(1 week, 5 days ago)
Commons ChamberUnder the Windsor framework arrangements, the Northern Ireland plant health label allows growers and traders to move plants and seeds for planting from Great Britain to Northern Ireland without a phytosanitary certificate, and Scottish businesses have benefited from that. For example, more than 1,500 tonnes of previously prohibited seed potatoes, mostly from Scottish traders, were moved to Northern Ireland from Great Britain last year.
As the Minister will know, according to McIntyre Fruit in Scotland, which also sells plants, it is easier to supply Japan than to send plants to Coleman’s garden centre in my constituency, and the same company is now seeing orders cancelled in Northern Ireland. At the weekend, Ewing’s Seafoods, Northern Ireland’s oldest fishmonger, had a 40-foot container filled with hundreds of thousands of pounds of fresh fish returned from Belfast to Scotland owing to administrative paperwork errors on seven boxes. Will the Minister, or the Secretary of State, meet me and representatives of those companies to discuss what can be done to ease the bureaucratic burden on both Northern Ireland and Scottish business?

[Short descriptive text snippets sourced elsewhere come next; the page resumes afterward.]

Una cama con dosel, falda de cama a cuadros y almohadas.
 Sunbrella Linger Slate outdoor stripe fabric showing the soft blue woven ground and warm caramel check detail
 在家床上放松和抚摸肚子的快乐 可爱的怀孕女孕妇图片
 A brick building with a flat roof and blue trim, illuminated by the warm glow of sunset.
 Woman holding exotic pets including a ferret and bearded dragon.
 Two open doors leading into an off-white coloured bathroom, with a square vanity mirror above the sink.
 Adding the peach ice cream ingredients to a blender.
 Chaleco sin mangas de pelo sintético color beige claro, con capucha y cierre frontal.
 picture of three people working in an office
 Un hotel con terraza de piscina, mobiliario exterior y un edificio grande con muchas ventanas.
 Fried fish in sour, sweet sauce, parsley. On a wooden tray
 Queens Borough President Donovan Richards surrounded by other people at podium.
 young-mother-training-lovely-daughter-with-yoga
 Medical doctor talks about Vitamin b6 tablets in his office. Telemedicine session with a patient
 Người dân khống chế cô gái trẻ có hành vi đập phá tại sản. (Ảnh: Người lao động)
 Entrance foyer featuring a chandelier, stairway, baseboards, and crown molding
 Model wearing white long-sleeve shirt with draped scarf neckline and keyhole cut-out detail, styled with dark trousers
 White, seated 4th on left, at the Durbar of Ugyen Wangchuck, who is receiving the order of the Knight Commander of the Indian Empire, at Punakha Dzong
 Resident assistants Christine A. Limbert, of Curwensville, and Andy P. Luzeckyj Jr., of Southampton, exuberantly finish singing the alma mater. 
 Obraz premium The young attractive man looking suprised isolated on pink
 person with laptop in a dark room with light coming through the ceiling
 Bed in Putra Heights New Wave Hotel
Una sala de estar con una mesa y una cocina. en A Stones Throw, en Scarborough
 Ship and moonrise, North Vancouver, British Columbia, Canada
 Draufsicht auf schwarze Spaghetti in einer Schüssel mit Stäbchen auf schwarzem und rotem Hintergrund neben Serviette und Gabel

I would be delighted to meet the hon. Gentleman, but let me reassure him: the horticultural working group, co-chaired by senior officials from the Department for Environment, Food and Rural Affairs and the Cabinet Office, was set up specifically to tackle issues involving the movement of seeds to consumers in Northern Ireland as a first priority. The hon. Gentleman has also mentioned other topics, and I should be happy to meet him to discuss them, too. The working group meets regularly to address such issues, and includes representatives of the Ulster Farmers Union, the National Farmers Union and the Horticultural Trades Association, as well as business leaders and representatives of a small number of other horticultural businesses.